■ Work instructions ■
Transcribe the lines below exactly. No image belongs in the transcription.

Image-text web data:
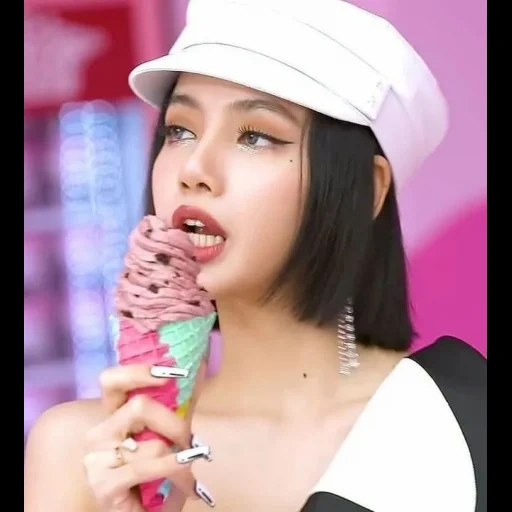 black powder, black ice cream, lisa blackpink frost, beautiful asian girl, selena gomez ice cream black powder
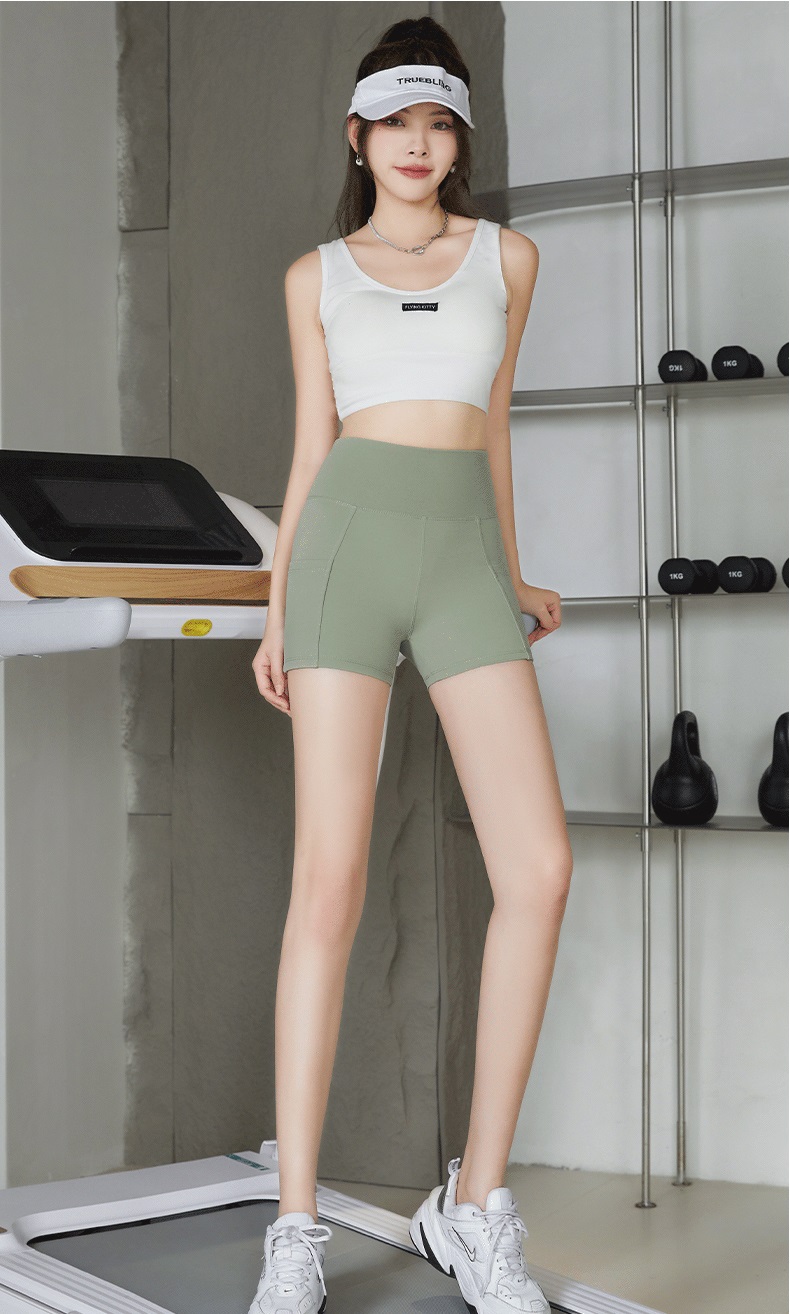 2024 Bagong Three-Point Shark Pants Outer Wear Thin Pocket Yoga Shorts Leggings High Waist Safety Pants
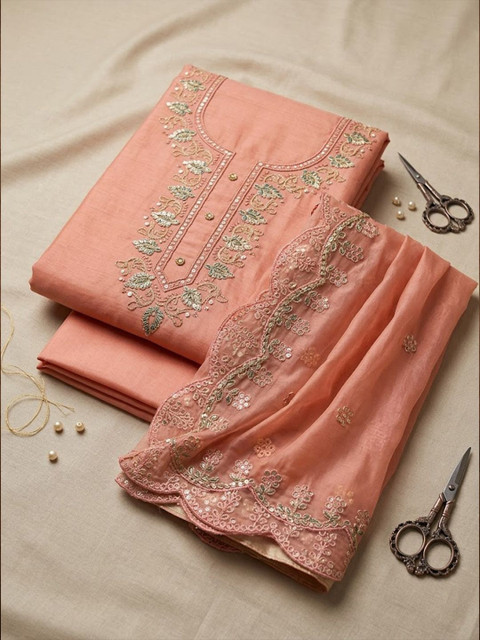 Varanga Embroidered Unstitched Dress Material - Image 3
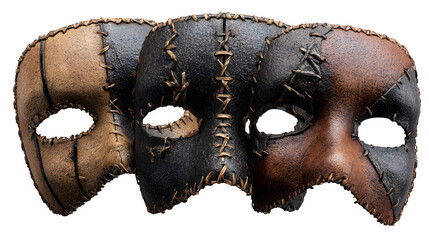 Intriguing stitched leather masks evoke mystery and intrigue, perfect for drama, theater, or unique artistic expressions with a touch of historical flair.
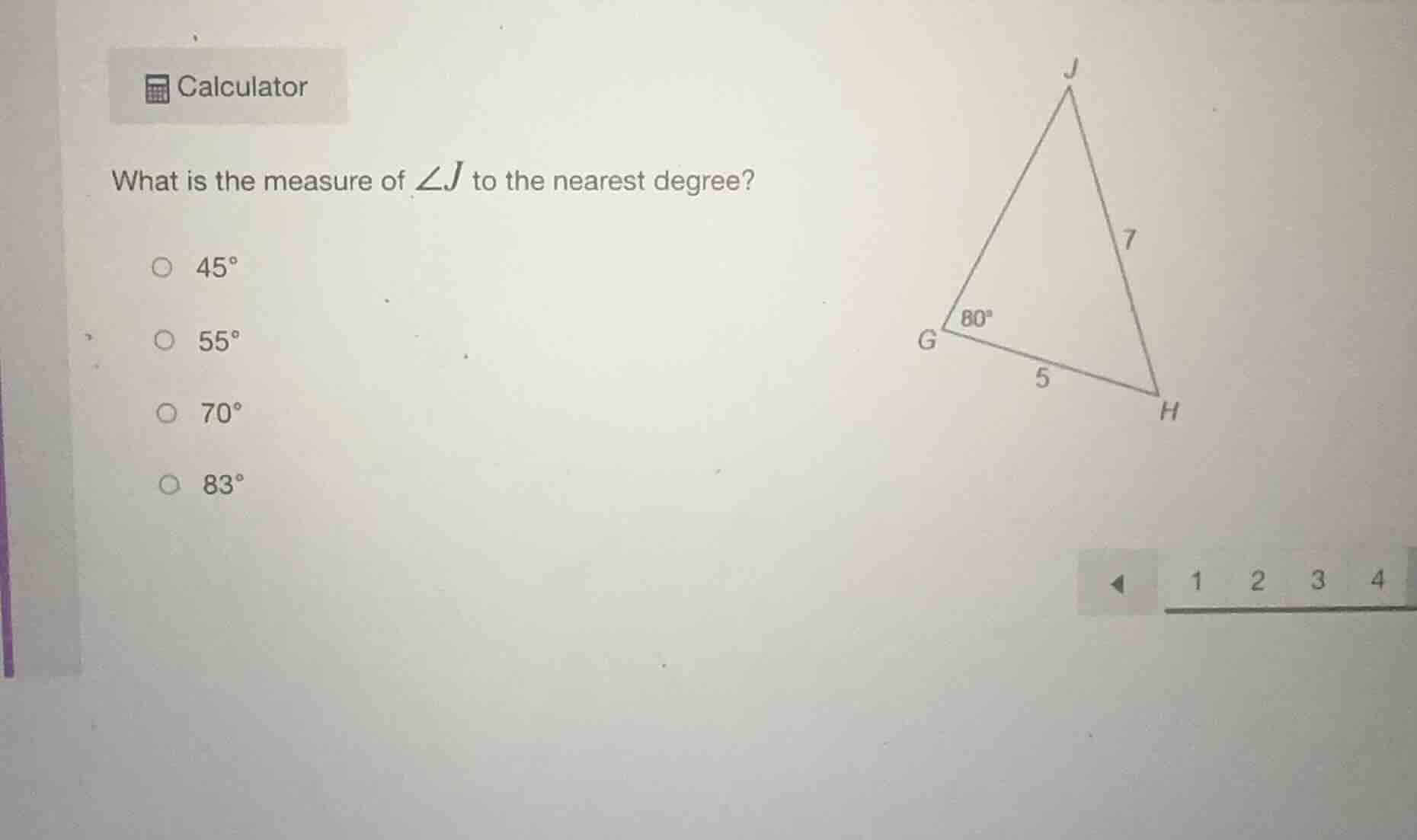 calculator what is the measure of ∠j to the nearest degree? 45° 55° 70°…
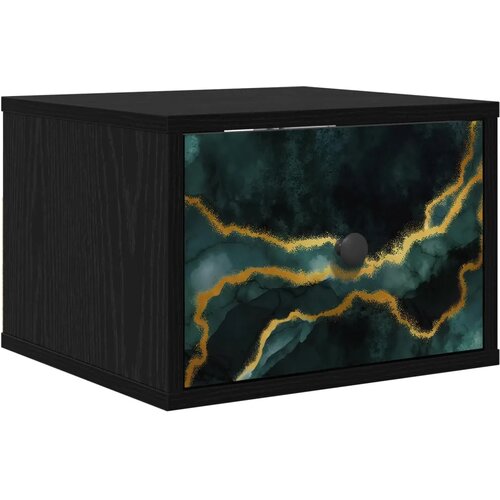  Wall-mounted noćni ormarić WIJHE Crni hrast 36 x 33 x 25 cm - Crni hrast Tirkizni mramorni uzorak 1 Slike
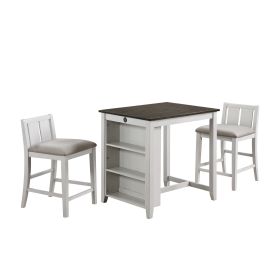 Hia 3 Piece Counter Table Set, Cushioned Seats, 2 Shelves, Crisp White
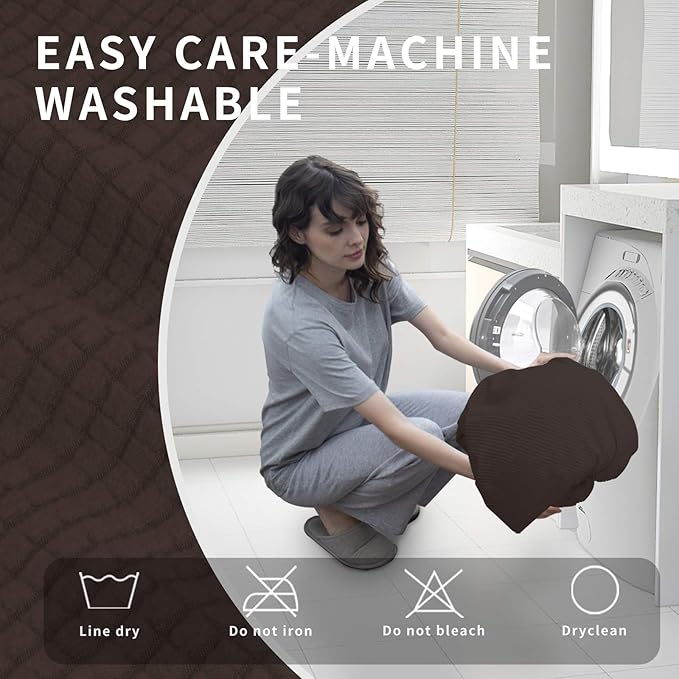 Easy-Going 4 Pieces Oversized Recliner Stretch Sofa Slipcover Sofa Cover Furniture Protector Couch Soft with Elastic Bottom Polyester Spandex Jacquard Fabric Small Checks Chocolate,X-Large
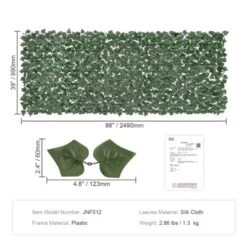 VEVOR Ivy Privacy Fence, 39 X 98 In Artificial Green Wall Screen, Greenery Ivy Fence With Strengthened Joint, Faux Hedges Vine Leaf Decoration -Vevor GUEST 46423f37 4608 4997 b52f ef2a76067f79
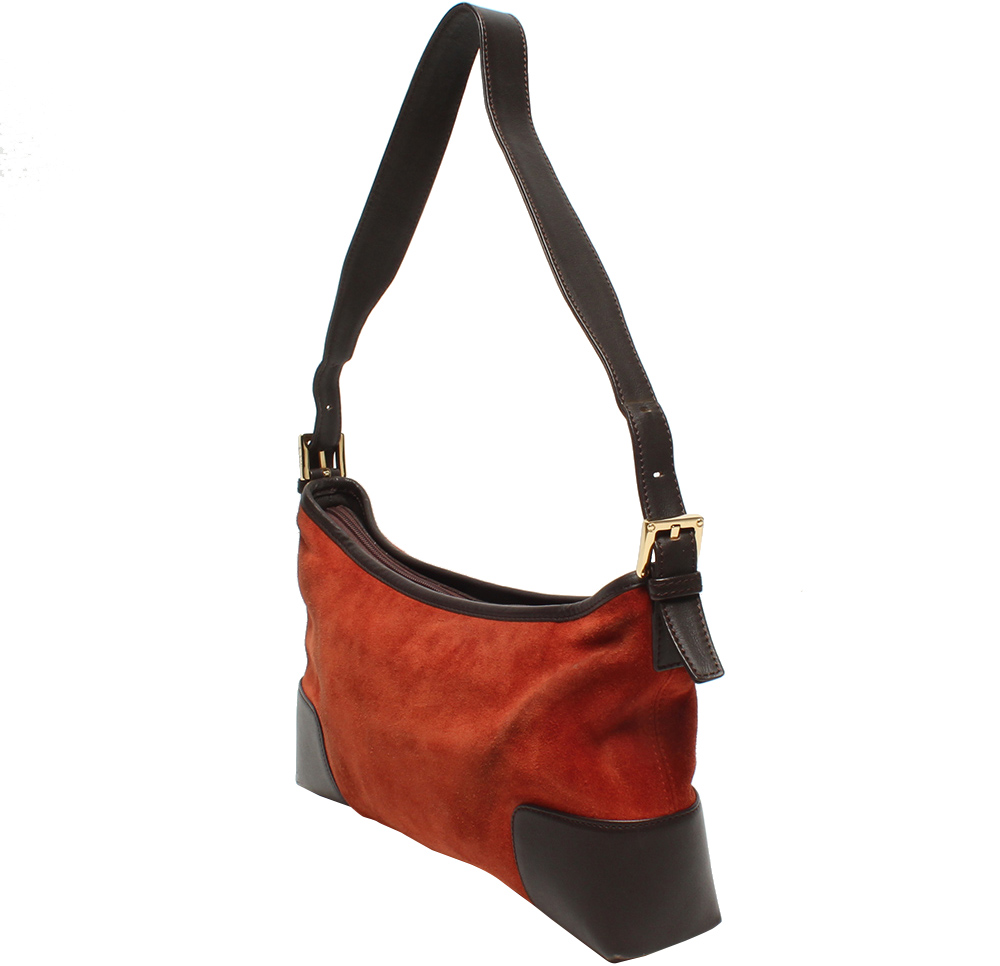 

Loewe Orange/Black Suede Shoulder Bag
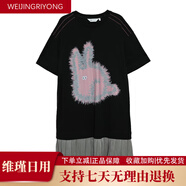 幻走2025夏季新款.FUN系列圓領炸毛兔印花拼接針織連衣裙 黑色 S 均碼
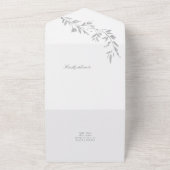 Classic Leafy Monogram Crest Wedding All In One Uitnodiging (Buitenkant)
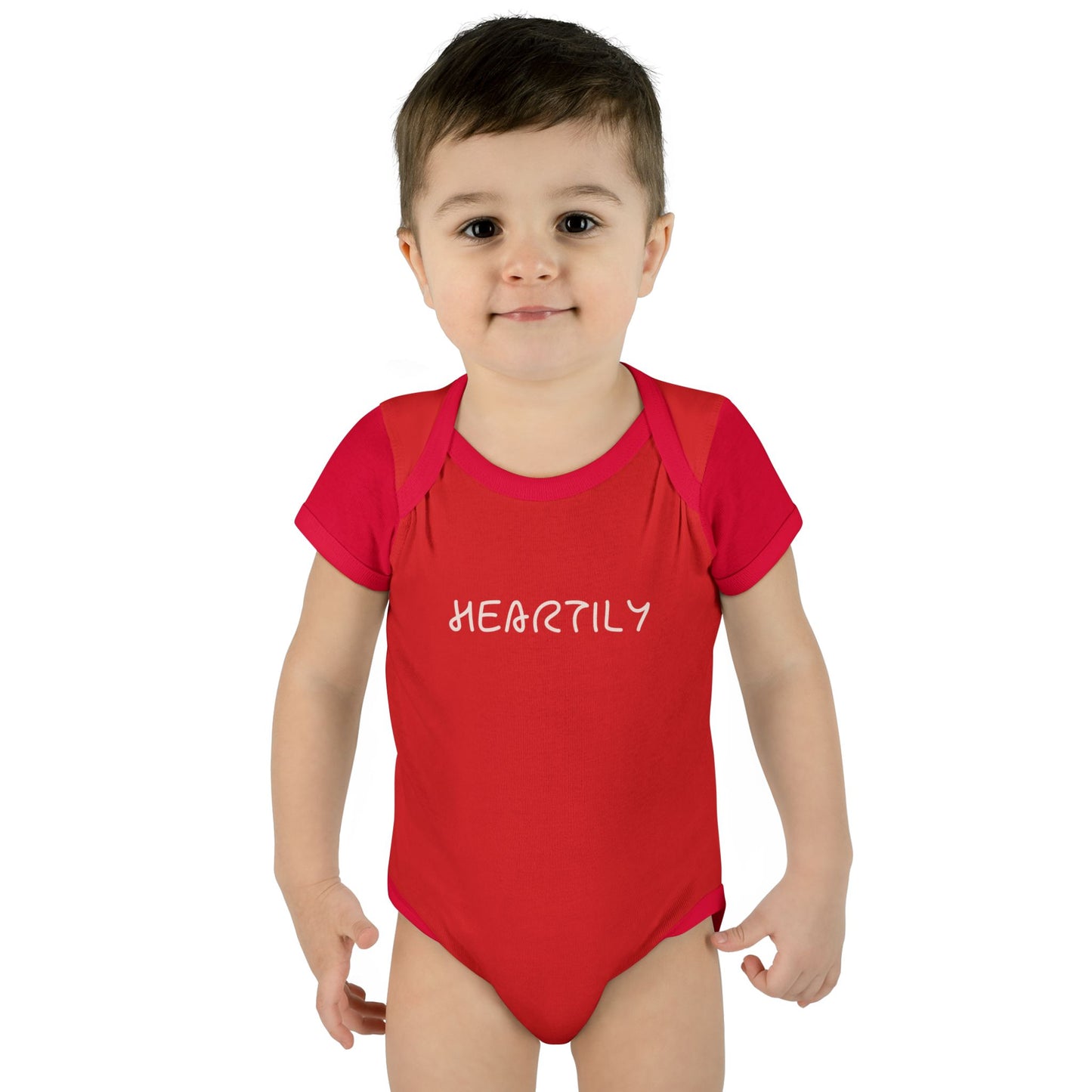'Heartily' Script Baby Bodysuit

■ Answer ■
 black powder, black ice cream, lisa blackpink frost, beautiful asian girl, selena gomez ice cream black powder
 2024 Bagong Three-Point Shark Pants Outer Wear Thin Pocket Yoga Shorts Leggings High Waist Safety Pants
 Varanga Embroidered Unstitched Dress Material - Image 3
 Intriguing stitched leather masks evoke mystery and intrigue, perfect for drama, theater, or unique artistic expressions with a touch of historical flair.
 calculator what is the measure of ∠j to the nearest degree? 45° 55° 70°…
  Wall-mounted noćni ormarić WIJHE Crni hrast 36 x 33 x 25 cm - Crni hrast Tirkizni mramorni uzorak 1 Slike
 Hia 3 Piece Counter Table Set, Cushioned Seats, 2 Shelves, Crisp White
 Easy-Going 4 Pieces Oversized Recliner Stretch Sofa Slipcover Sofa Cover Furniture Protector Couch Soft with Elastic Bottom Polyester Spandex Jacquard Fabric Small Checks Chocolate,X-Large
 VEVOR Ivy Privacy Fence, 39 X 98 In Artificial Green Wall Screen, Greenery Ivy Fence With Strengthened Joint, Faux Hedges Vine Leaf Decoration -Vevor GUEST 46423f37 4608 4997 b52f ef2a76067f79

Loewe Orange/Black Suede Shoulder Bag
 幻走2025夏季新款.FUN系列圓領炸毛兔印花拼接針織連衣裙 黑色 S 均碼
 Classic Leafy Monogram Crest Wedding All In One Uitnodiging (Buitenkant)
'Heartily' Script Baby Bodysuit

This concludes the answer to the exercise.